The Mainland Affairs Council (MAC) yesterday urged people to refrain from parroting the Chinese Communist Party’s (CCP) “united front” propaganda after Taiwanese taekwondo athlete Lee Tung-hsien (李東賢) sparked controversy for waving a Chinese flag after winning a bronze medal at the Asia-Pacific Masters Games (APMG) in South Korea last week.
“We are asking people to cherish our democratic values and way of life. Even when they are developing a career in China or interacting with Chinese, Taiwanese should not cooperate with the Chinese government in its ‘united front’ efforts against Taiwan or serve as models for it,” the council said.
The Sports Administration on Saturday said that the APMG allows athletes who are not on national teams or are not members of a sports association to compete, and no flag-raising ceremony is held when such athletes receive medals.
Photo: Screen grab from the Internet
“Lee competed as an individual athlete, not as part of the national team. Nor is he a member of the Chinese Taipei Taekwondo Association,” the agency said.
Nevertheless, games organizers required athletes to wear uniforms with the names of their nations on them, and Lee sported a dobok stitched with Taiwan’s national team emblem, “TPE,” local media reported.
The Chinese Taipei Olympic Committee, which owns the emblem copyright, did not restrict its use, local media reported.
Lee has reportedly worked in China for a long time and joined the CCP on July 1 last year. He also held a Chinese flag on the podium after winning a bronze medal in a taekwondo tournament in Malaysia in 2017.
Chinese Taipei Master Games Association head Peng Tai-ling (彭臺臨) said that all athletes who competed in the APMG did so as individuals.
“We only assisted athletes in registering for the event. We are not in charge of forming a national team or selecting athletes for a national team. The behavior of the individual had nothing to do with the association,” he said.
Democratic Progressive Party Legislator Wang Ting-yuan (王定宇) said that Sports Administration should investigate whether Lee had received government subsidies to participate in sports events, adding that such an athlete should not be funded by taxpayers’ money.
“People in Taiwan can freely choose to identify with or immigrate to any country, as Taiwan is a free and democratic country. Lee has been living in China and identifies with the CCP, so he should carry the national flag he identifies with and not help the CCP take advantage of Taiwan by using a political symbol of Taiwan,” he said.
“Although Lee was born and raised in Taiwan, he embraced a country that has been threatening to take over Taiwan with military might. I have nothing but contempt for him,” he added.
Tainan City Councilor Lee Chong-lim (李宗霖) of the Taiwan Statebuilding Party said that Lee Tung-hsien’s display of a Chinese flag immediately after he received a bronze was clearly “premeditated” and part of China’s cognitive warfare against Taiwanese.

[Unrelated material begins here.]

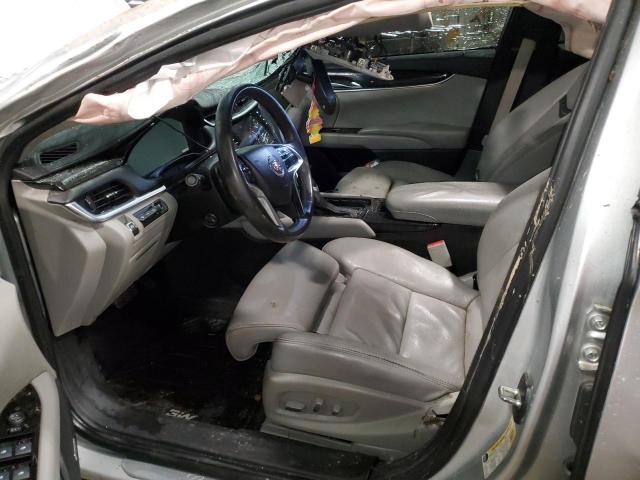 Photo 7 from auction – 2013 CADILLAC XTS PREMIU with VIN 2G61T5S38D9178253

“He is also deputy chairman of the Chinese Youth Development Association... The government should investigate the association to determine if it has received funding from China or acted as a Chinese agent,” Lee Chong-lim said.
Former Formosa TV chairman Kuo Bei-hung (郭倍宏) criticized the Sports Administration’s response to Lee’s behavior as “incompetent” and “disgraceful.”
Holding a Chinese flag while wearing a taekwondo uniform with “TPE” stitched in the back is no different from a declaration that Taipei is a territory of China, he said.
“How can the Sports Administration dissociate itself from Lee’s actions by saying this was the behavior of an individual, when the athlete wore a uniform representing Taiwan and intended to demonstrate loyalty to Beijing?” he said. “Why do we still keep such an incompetent and disgraceful agency which did not dare protest or restrict such behavior?”